Когда Евгения решительно отворила дверь, она увидала на противоположной стене высокую тень узорчатой спинки кровати и черный, безобразно вытянувшийся силуэт отца. Огонь свечи отклонился, и неподвижные тени на стене заколыхались, как будто охваченные волнением. Старик не заметил ничего. Он сидел на кровати дочери, низко опустив голову, и говорил что-то тихим, монотонным голосом, словно читал. Евгения остановилась.
— Все она увидит, все она поймет, — тихо говорил отец, — все она простит нам, девочка. И за каждого из нас, и за тебя, и за меня, и за Геню горячо и усердно помолится ее чистая душа, и бог услышит ее молитву, потому что наша мама теперь близка к богу, и он пошлет нам утешение, спокойствие и мир. Мама сделает так, что мы опять все, все сойдемся близко и тесно и не будем больше ни сердиться, ни раздражаться, а пожалеем друг друга за наше общее горе и будем нести его вместе дружно и покорно. И оно сблизит нас и сделает нас еще более дорогими друг другу. Спи, девочка, спи!
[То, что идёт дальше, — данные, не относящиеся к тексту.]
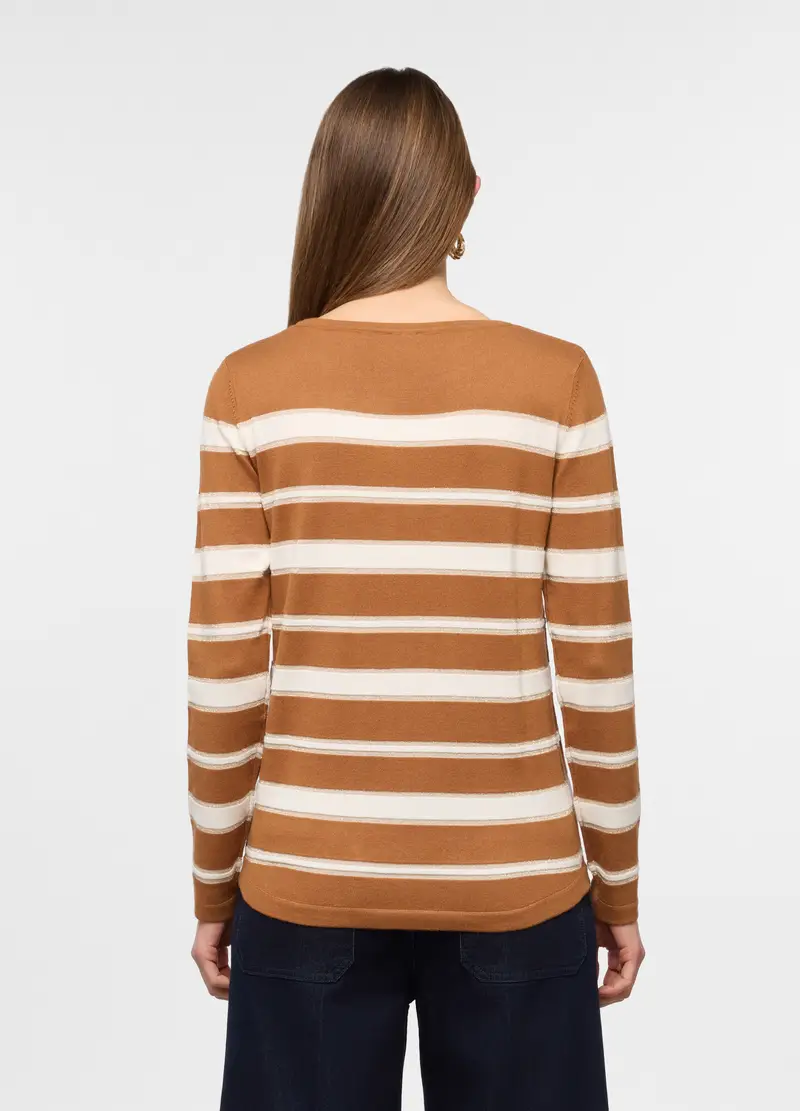 Maglia Girocollo Operata Donna, Marrone cioccolato miniatura 2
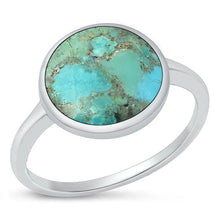 Load image into Gallery viewer, Sterling Silver Oxidized Genuine Turquoise Stone Ring-13.5mm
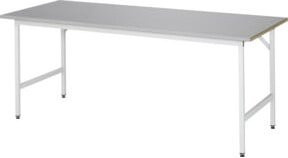 Rau Arbeitstisch Jerry höhenverstellbar mit Edelstahlbelag, silber/lichtgrau, B: 200 cm, T: 80 cm, H: 80-85 cm - Bild 1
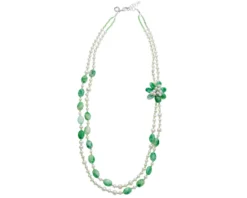 Collana fiore con agata, perle, amazzonite Ottaviani
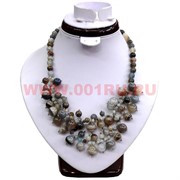 Колье из натурального камня 45 см серый агат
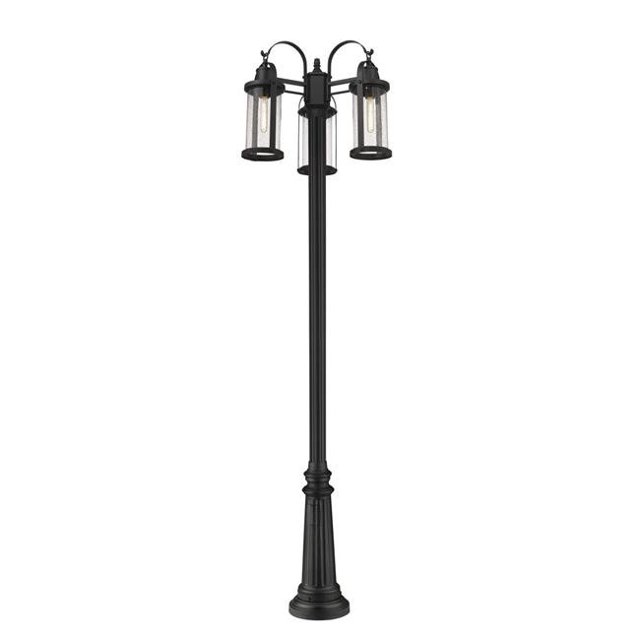 Z Lite 569MP3-511P-BK 115 Po Arrondi 3 Lumière Noire Extérieure Post Monté Montage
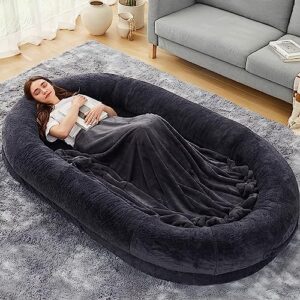 dogke large human dog bed, 260gsm luxury fur human size dog bed for people,waterproof washable giant dog bed for human,human dog bed for people adults and pets, present soft blanket(72"x48"x10",grey)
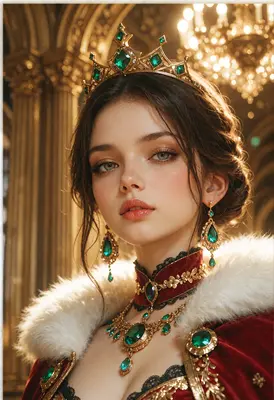 Regal Queen with Emerald Crown
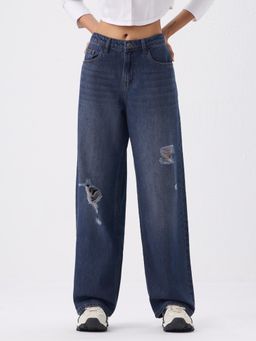 The Souled Store - Baggy Fit Denim Pacific Fade Women Wide Leg Jeans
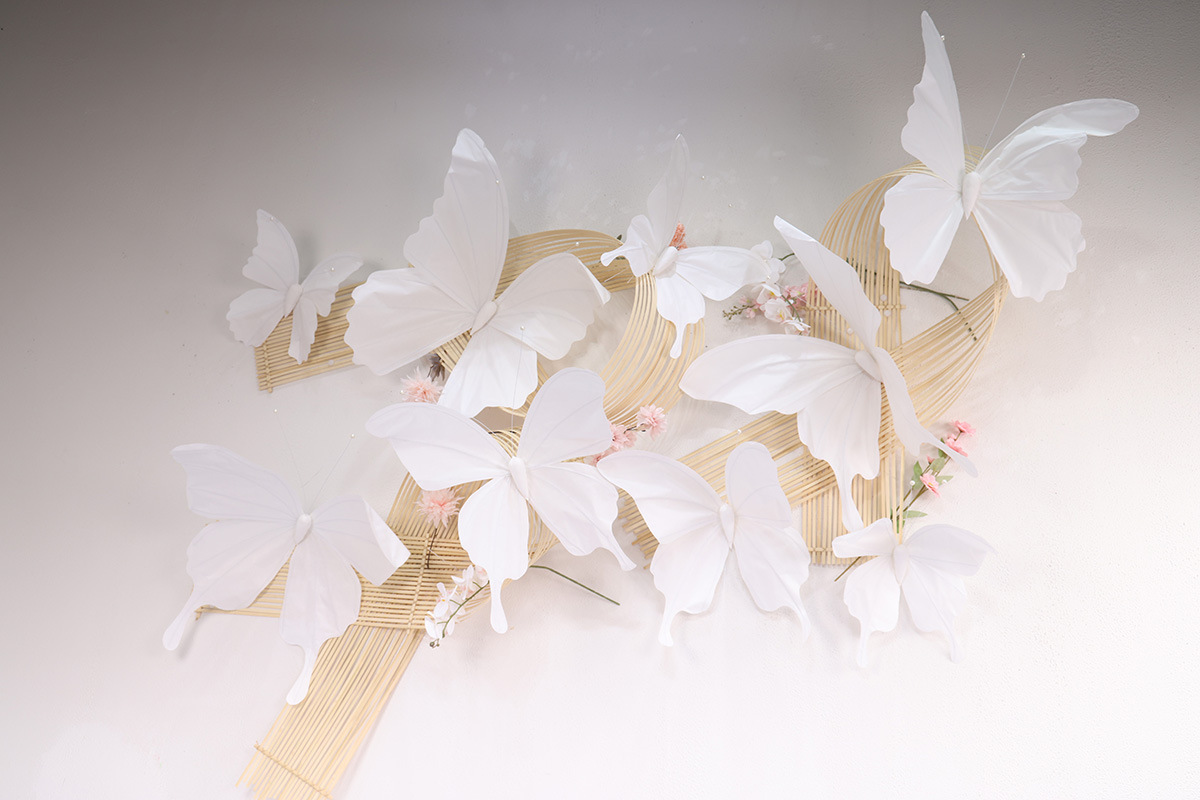 Set di tre pezzi farfalla carta bianca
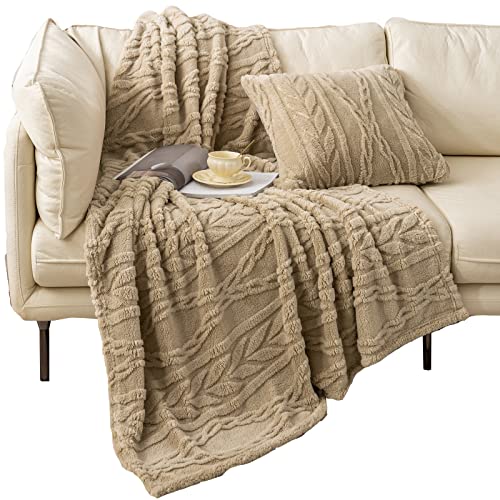 YUSOKI Sherpa Throw Blanket-3D Stylish Design Super Soft Fuzzy Cozy Warm Blanket Thick Plush Fluffy Furry Blankets for Teen Girls Women Couch Bed Sofa Chair Men Boys Gift(Tan,50'x65')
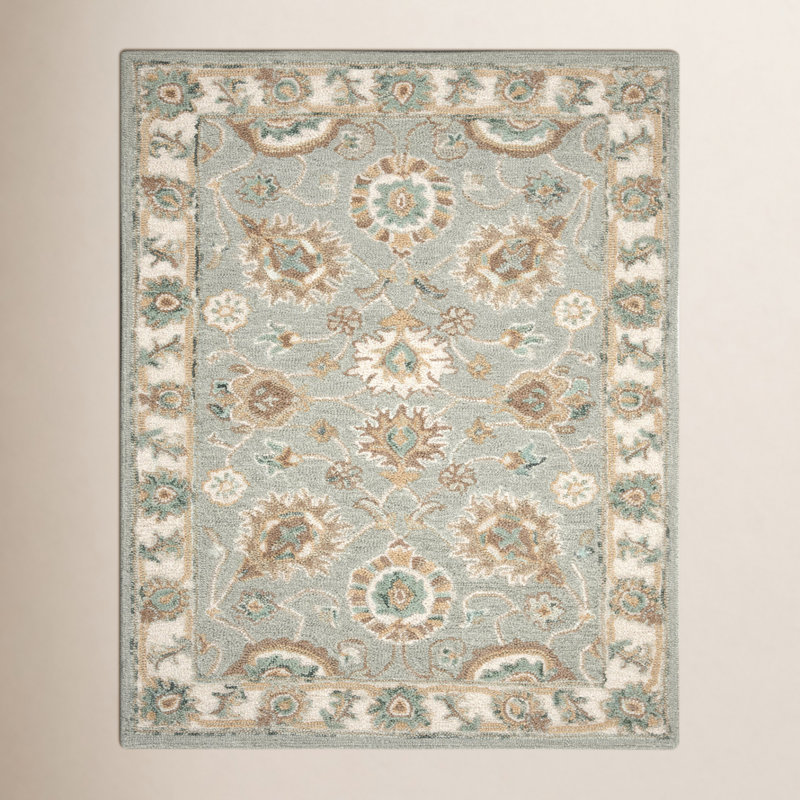 Tapis turquoise / ivoire en laine fait à la main Desmondia, Rectangle 2'3" x 4'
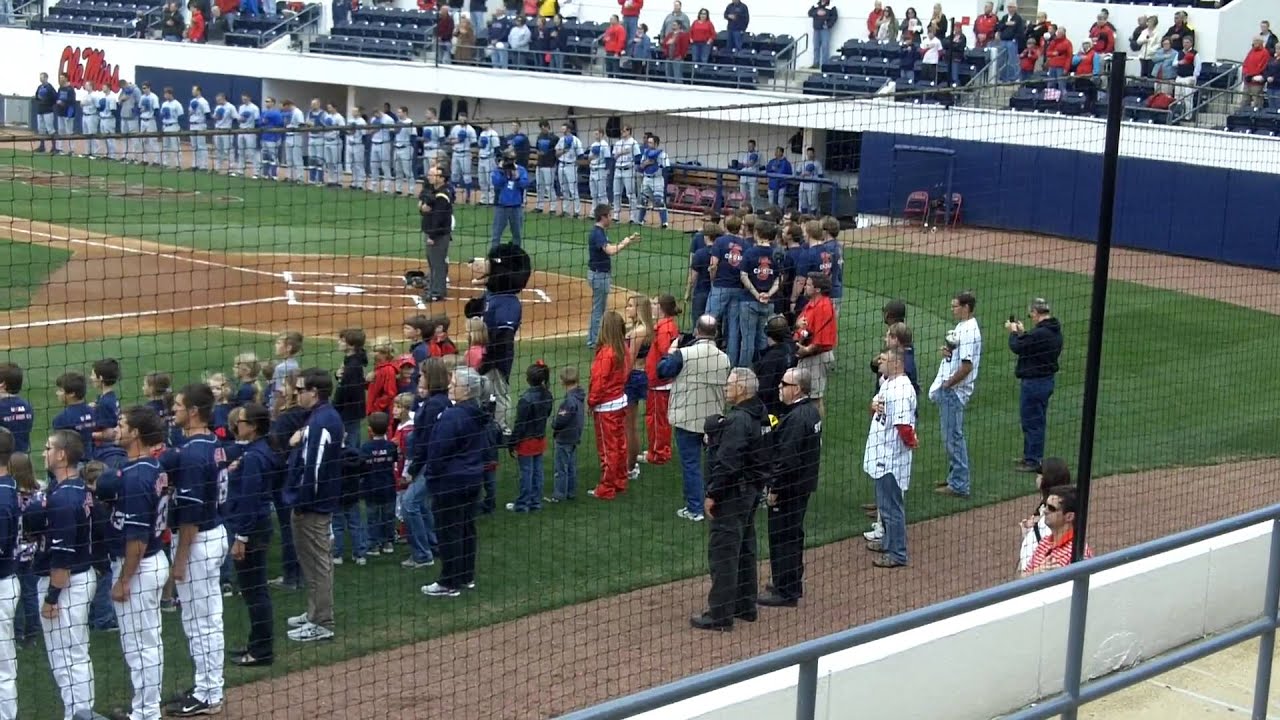 Rebel the Black Bear's first National Anthem at Ole Miss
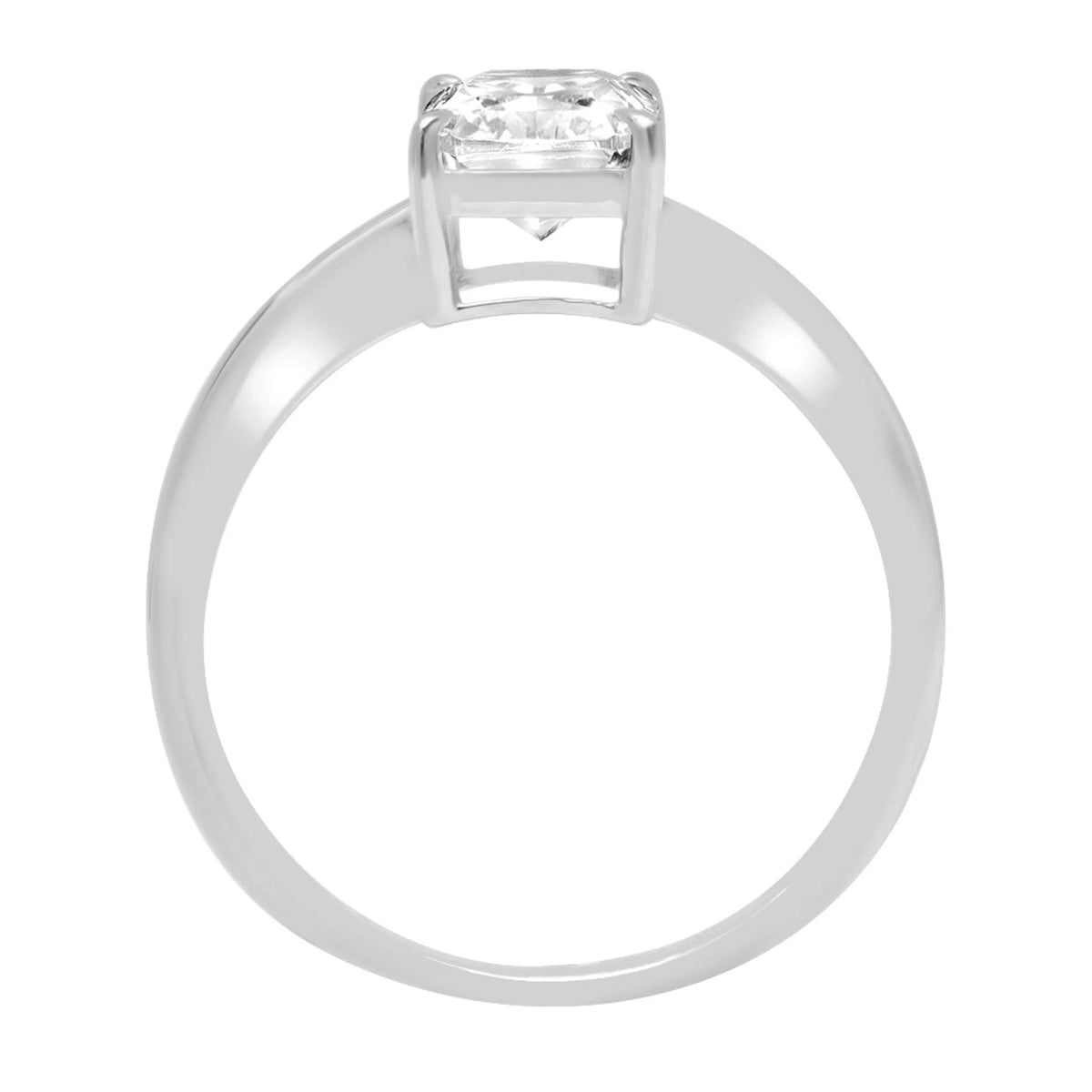 2.5ct Radiant Cut Simulated Alexandrite 18k White Gold Ring Size 3.75 Y6128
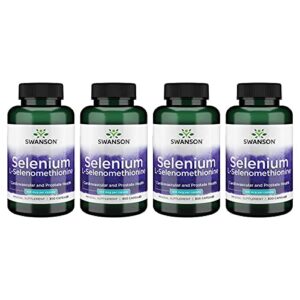 swanson selenium (l-selenomethionine) - herbal supplement promoting heart health & prostate health - may support immune system & thyroid health - (300 capsules, 100mcg each) 4 pack
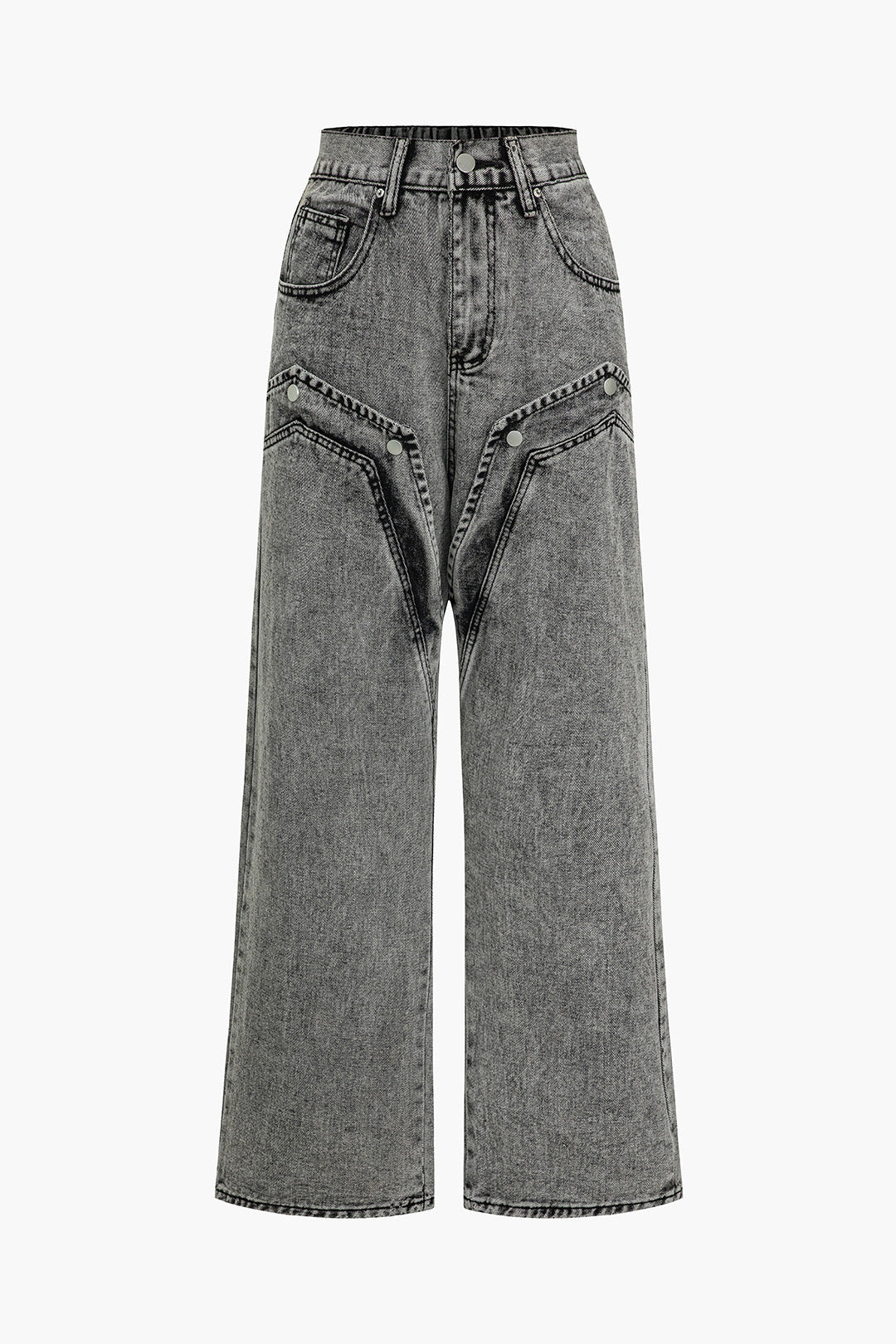 Dames Grijze Denim Spijkerbroek | High-Waist Wijde Pijpen met Asymmetrische Details 0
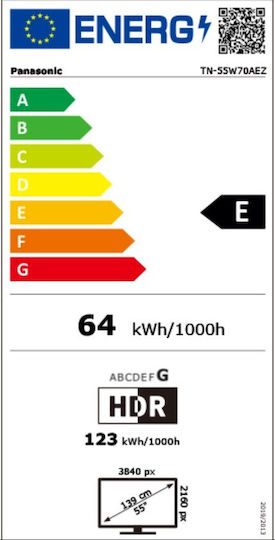 Panasonic Smart Τηλεόραση 55" 4K UHD LED TN-55W70AEZ HDR (2024)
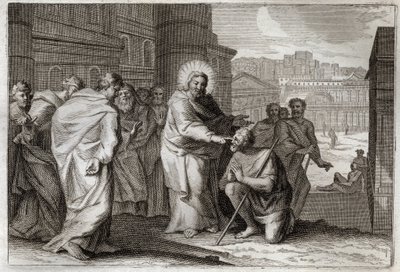 Royaumont Bijbel, Nieuwe Testament: De blinde genezen. Jezus Christus geneest wonderbaarlijk de blinde. Illustratie uit 1811. door Unknown artist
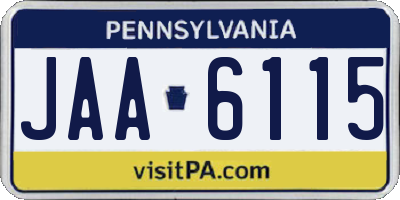 PA license plate JAA6115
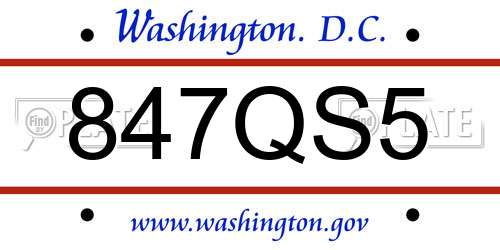 847QS5 District Of Columbia License Plate
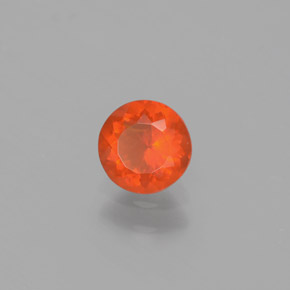 0.37 ct Orange Fire Opal Stone, Natural Fire Opal in Round Facet Shape for Sale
Во сне ты будешь опять беззаботной и счастливой, а когда ты проснешься и вспомнишь, что твоей мамы нет с тобой, вспомни также, что остался с тобой твой старый отец, что он такой же слабый и виноватый, как ты, что оба мы с тобой не умеем покориться нашему горю, ты — потому, что ты еще мала, моя крошка, я — потому, что я стар, потому, что у меня уже мало силы. Оба мы равны в том, что у нас мало силы! И когда ты чувствуешь печаль, ты не сознаешь ее и глядишь своими тоскливыми, недоумевающими глазами; и когда горе гнетет меня, я не сознаю свою несправедливость, свою грубость к людям. Но если никто не понимает нас, если на нас сердятся, если на нас негодуют, мы понимаем друг друга, моя дочка. Мы знаем, что только горе, одно горе мешает нам быть добрыми и справедливыми, и мы знаем, что то же горе мешает быть добрыми и справедливыми к нам. Геня не сердится! Геня наша! Такая же любящая, печальная и несчастная, как мы. Еще несчастнее, быть может. Она не хочет быть с нами, она хочет быть одна, потому что у нее есть сила и она борется со своей печалью. Она видит, как мы слабы и беспомощны, и она отстранилась от нас… пока. Сильные не любят слабых, потому что с ними, среди них, теряют свои силы. Она не понимает нас, потому что ей нельзя понимать, чтобы бороться с собою; но она не разлюбила нас, Тата, нет! Она победит себя и вернется к нам. Она пожалеет нас и поймет, и простит…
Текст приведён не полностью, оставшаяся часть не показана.